● Required action
In the records below, find the line with "Entrez dans le" and repeat exactly every line from it through the line with "Pantalone 5 tasche tessuto elasticizzato". Pictures stay out.

● Record set
_ _ _ _ _ _ _

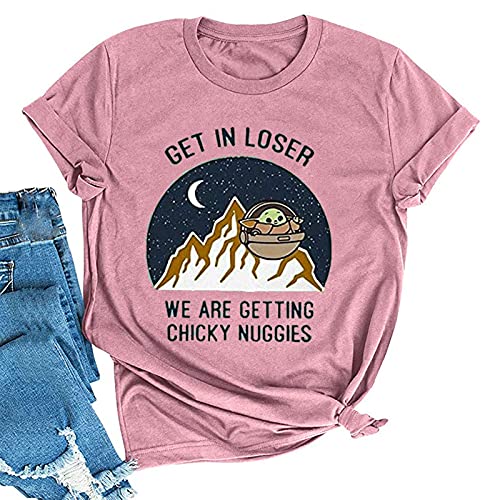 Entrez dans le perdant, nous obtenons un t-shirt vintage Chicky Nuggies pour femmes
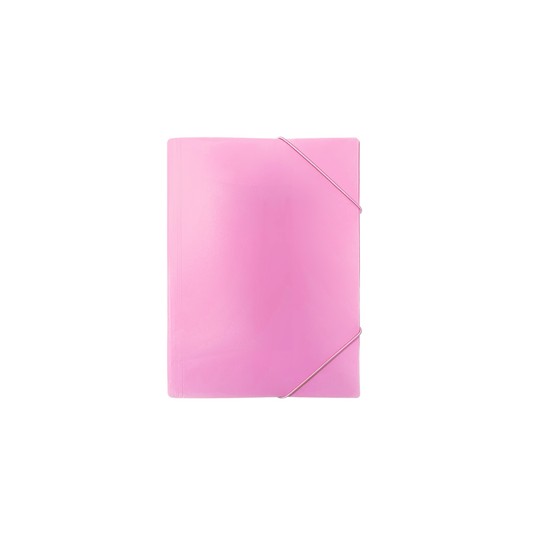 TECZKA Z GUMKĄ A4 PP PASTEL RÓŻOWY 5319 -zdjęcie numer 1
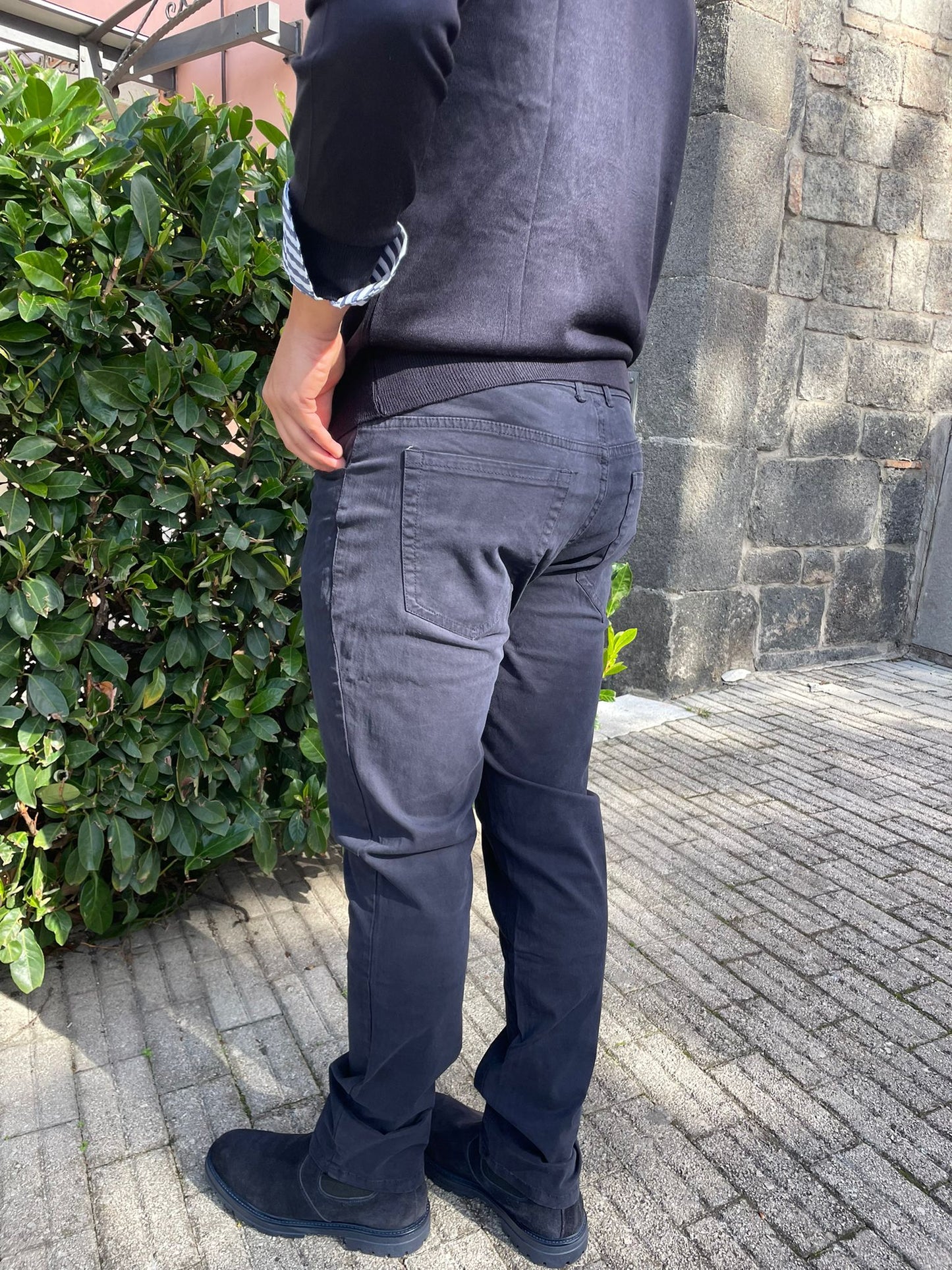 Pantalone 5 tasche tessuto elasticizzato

_ _ _ _ _ _ _

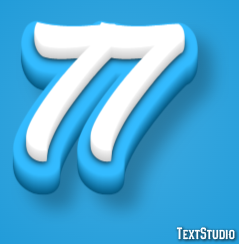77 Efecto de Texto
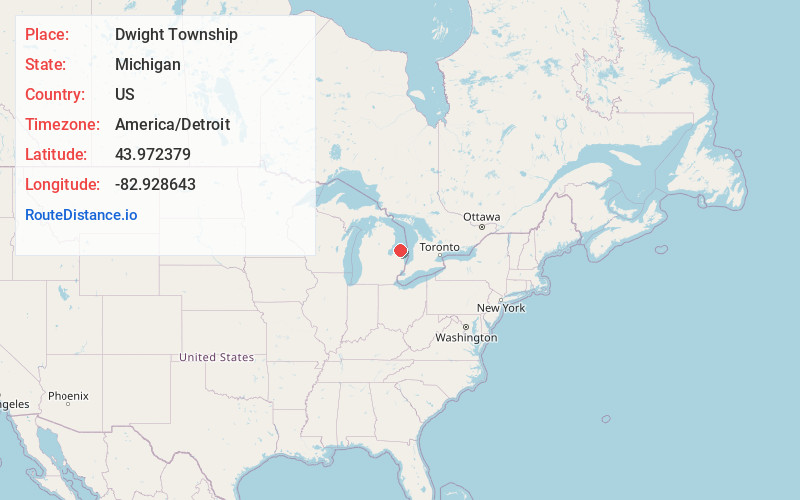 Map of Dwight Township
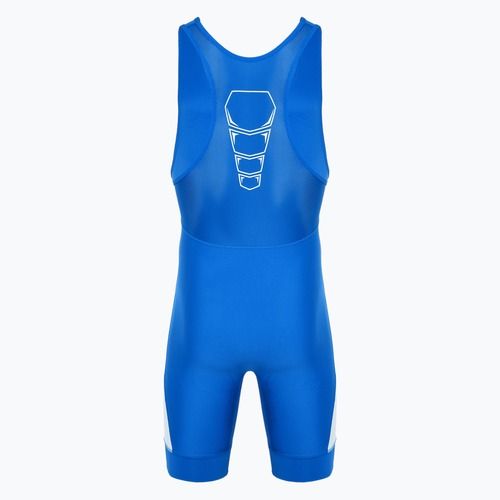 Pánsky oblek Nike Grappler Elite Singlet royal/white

_ _ _ _ _ _ _

● Response to the exercise
 Entrez dans le perdant, nous obtenons un t-shirt vintage Chicky Nuggies pour femmes
 TECZKA Z GUMKĄ A4 PP PASTEL RÓŻOWY 5319 -zdjęcie numer 1
 Pantalone 5 tasche tessuto elasticizzato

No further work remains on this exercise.